- Born: 25 December 1937 Jefferson, Ohio, U.S.
- Died: September 3, 2001 (aged 63) Pittsfield, Massachusetts, U.S.
- Education: Occidental College (B.A. Philosophy), Union Theological Seminary (M.Div, 1962)
- Occupation: Minister · Labor organizer · Community leader
- Years active: 1962–2001
- Employer(s): California Migrant Ministry; United Farm Workers; Industrial Areas Foundation
- Known for: UFW boycott strategy; grassroots organizing in farmworker, housing & community campaigns
- Spouse: Miriam Rabban
- Children: 4

= Jim Drake (labor organizer) =

American labor and community organizer (1937–2001)

James Lynn Drake (December 25, 1937 – September 3, 2001) was an American minister, labor organizer, and community leader. Drake worked with César Chávez in the early United Farm Workers movement and later organized campaigns involving labor, housing, and education.

==Early life and education==
Jim Drake was born on December 25, 1937, in Jefferson, Ohio. He spent much of his early childhood in Oklahoma before his family moved to Thermal, California, a small farmworker town in the Coachella Valley. His father taught migrant children, and his mother managed the school cafeteria. Drake studied philosophy at Occidental College and later graduated from Union Theological Seminary in 1962. Drake was ordained in the United Church of Christ and initially planned to serve as a National Park Service pastor.

==Career==
In 1962, Drake joined the California Migrant Ministry, an ecumenical organization representing various Christian denominations. That same year, he was assigned to observe and assist César Chávez in organizing agricultural laborers. Drake was initially assigned to work with Chávez for three months but remained with the organization for 16 years. He later became one of Chávez's senior aides.

Drake served as Chávez's administrative assistant, directed the union's first cooperative, and helped conceive and lead the UFW's early boycotts. In 1965, during the Delano grape strike, Drake helped organize the national boycott of Schenley Industries. He later led the national table-grape boycott. In 1970, growers signed union contracts with the UFW. Drake oversaw organizing campaigns in California, Texas, Arizona, and New York, all while remaining on the payroll of the California Migrant Ministry.

In a 1968 speech, Chavez said that "The priests of the California Migrant Ministry, Chris Hartmire and Jim Drake, have been with us from the beginning. They took losses in their church because of the Migrant Ministry and the suffering they accepted was for the migrants and for justice. It was from them that we learned the importance of the support of the church in our struggle."

Drake advocated nonviolence but was sometimes subjected to physical intimidation, including partial hearing loss caused by a Teamster blowing a bullhorn into his ear. He also stood down armed growers and once had his mustache nearly ripped out by border vigilantes.

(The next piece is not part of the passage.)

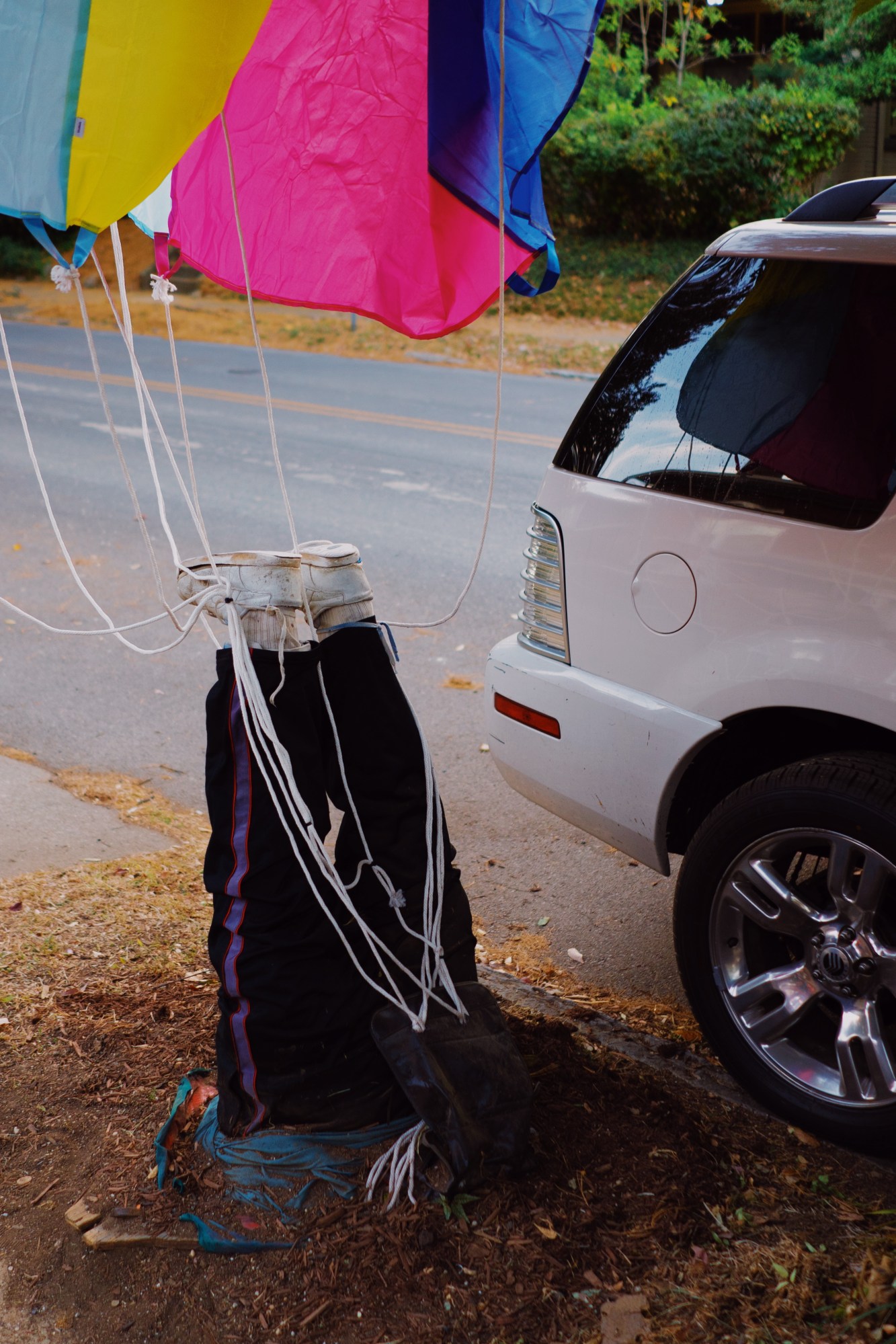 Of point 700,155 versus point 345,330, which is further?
point 700,155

In 1978, Drake left the UFW and moved to Mississippi, where he founded the Mississippi Pulpwood Cutters Association, the state's first interracial organization of woodcutters. The association won improvements in lumber measurement standards, formed a cooperative to reduce equipment costs, and created a credit union for member access to loans.

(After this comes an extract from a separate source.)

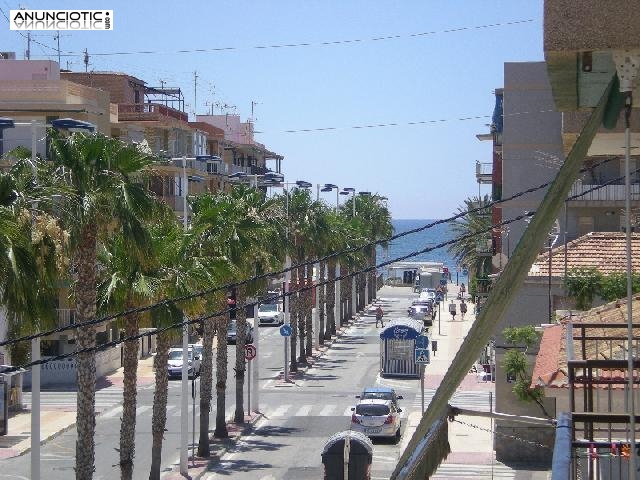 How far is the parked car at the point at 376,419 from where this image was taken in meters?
38.1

In 1983, he joined the Industrial Areas Foundation (IAF), a national network of faith-based and community organizing groups. His first assignment with the IAF was with the Valley Interfaith Organization in the Rio Grande Valley, where he helped secure water and sewer services for residents in unincorporated colonias.

In 1987, Drake organized South Bronx Churches, a coalition of over 40 congregations in New York City. South Bronx Churches participated in campaigns that led to the construction of more than 800 units of Nehemiah housing, improvements to local subway stations, and the founding of the Bronx Leadership Academy public high school.

In 1994, Drake co-founded the Greater Boston Interfaith Organization. The organization worked on housing, education, and immigrant rights. Under his leadership, the organization raised over $5 million in private funds to match public commitments.

==Personal life==
Drake was married five times. He died of lung cancer on September 3, 2001—Labor Day—at the age of 63, at Brookshire Medical Center in Pittsfield, Massachusetts. At the time of his death, he lived in Manhattan and Spencertown, New York. He was survived by his wife, Miriam Rabban, and four children.

==Legacy==
Drake's archival papers are held at the Walter P. Reuther Library at Wayne State University.